What does this have to do with costuming? Mom was awesome … there I said it. She could create anything for anyone. She had a Singer Slant-o-matic Series 503a from 1961 and she had every attachment and embroidery wheel known to man. I would love to sit with her as she made stuffed animals, matching dresses – I had 2 sisters, blankets, curtains, and of course costumes! I love this machine, its the one machine that I can do everything on. It has wonderful attachments and it is a work horse. (Don’t worry I will do a All About My Machine next week).
My middle sister wore a teddy bear costume she created from old black fuzzy fabric (I still have the ears), that same outfit mom made me a Skunk. Yes I said it I was a Skunk! Thank you Aunt Dottie for the fake white fur stole that made my stripe. My tail was stuffed and puffy. I will say it again my mom was Awesome. I believe we later repurposed that skunk into a cow.
I was in second grade and there was a Halloween parade at my school, back mom goes to the boxes of fabric and remnants to see what she could pull off. This is one of my favorites. I believe at the time my brother Jim worked at a local garment factory and he would get pieces of this or that. In the bottom of the hall closet where she kept her treasures of patterns, fabric, and notions was this albeit gold sparkly stiff type of polyester fabric. She laid it out on the dining room table and pinned and cut and sewed while I was off learning to ride my bike. Next thing I knew I was called into “turn around” and have her check the length. I never questioned her creativity and went back to playing.
Mom disappeared to the laundry area in the basement for about an hour. When she emerged in her had was the most beautiful thing I had ever seen. A crown! I treasured that little thing for so many years. As the day passed by it was time to get ready to go . Mom dressed me in warm layers after all it was October in Northwest New Jersey and she did not want a crabby 6 year old to deal with. My sparkly gown, white crown with brown jewels, red ribbon sash and red velvet cape made me Miss America. I won the contest that year.

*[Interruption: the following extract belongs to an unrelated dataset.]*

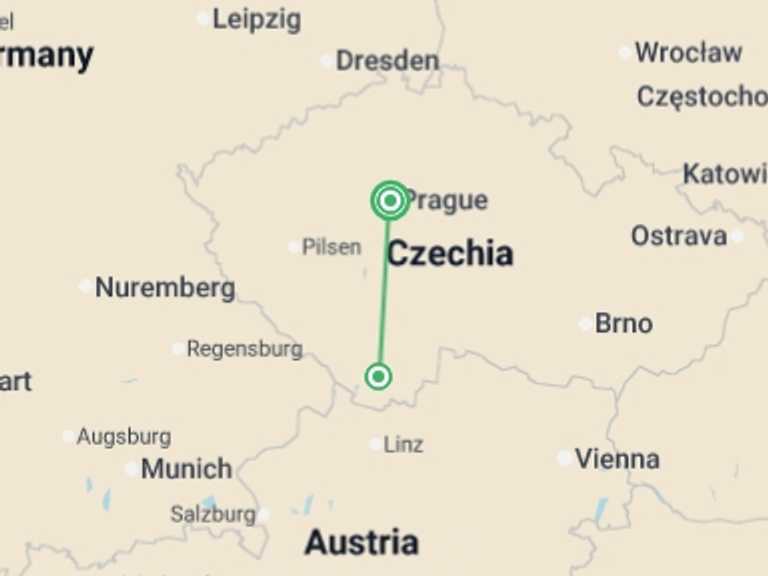 Map itinerary of Prague Tour in August 2026 with 2 destination visits for the trip: Czechia UNESCO Tour – 7 UNESCO Sites in 6 Day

Mom helped me break down the components of that costume years later. The red cape was hers from high school that she wore over her prom gown. She used glue and glitter to make me a sash and big pearl button on the bottom to make it look like a rosette. But the crown was the most ingenious idea, a simple bleach bottle that she cut apart in to a fun shape, used funky trim she found in the treasure closet of goodness, she even found gems to put on it. Those gems were from her candle making adornments, as was the paint and coloring that she used also please remember this was the 70’s the glitz and glamour of disco was always around.
I repeat my mom was awesome.
In my early twenties, my friends and I needed a group contest idea, so we went with Miss America, Miss Universe and Miss World, recycle those prom gowns ladies! Remnant ribbon and puffy fabric paint you can do anything!. You can even find a tiara at Walmart to adorn your heads. Embrace your inner beauty queen!
This is where my Up-cycling Costuming comes from take what you have and have a Tim Gunn Moment – Make it Work!